Available data ▸

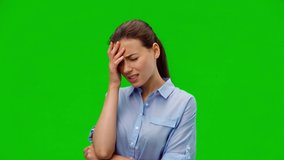 Tired girl suffering from painful headache and stress. Young girl in blue shirt holding hand on forehead on green background. Medical concept. Alpha channel - Powered by Shutterstock - Get 15% off with code: PIKWIZARD15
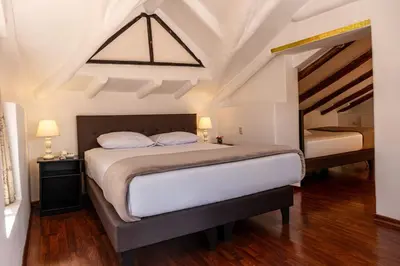 a bedroom with a large bed and a window at Tika Wasi Casa Boutique in Cusco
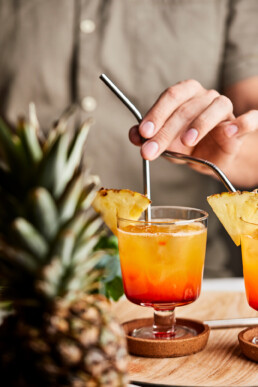 Pineapple sunrise mocktail with steel straws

What you will do ▸
The entire listing is to be printed exactly, with each picture omitted.

Response area ▸
 Tired girl suffering from painful headache and stress. Young girl in blue shirt holding hand on forehead on green background. Medical concept. Alpha channel - Powered by Shutterstock - Get 15% off with code: PIKWIZARD15
 a bedroom with a large bed and a window at Tika Wasi Casa Boutique in Cusco
 Pineapple sunrise mocktail with steel straws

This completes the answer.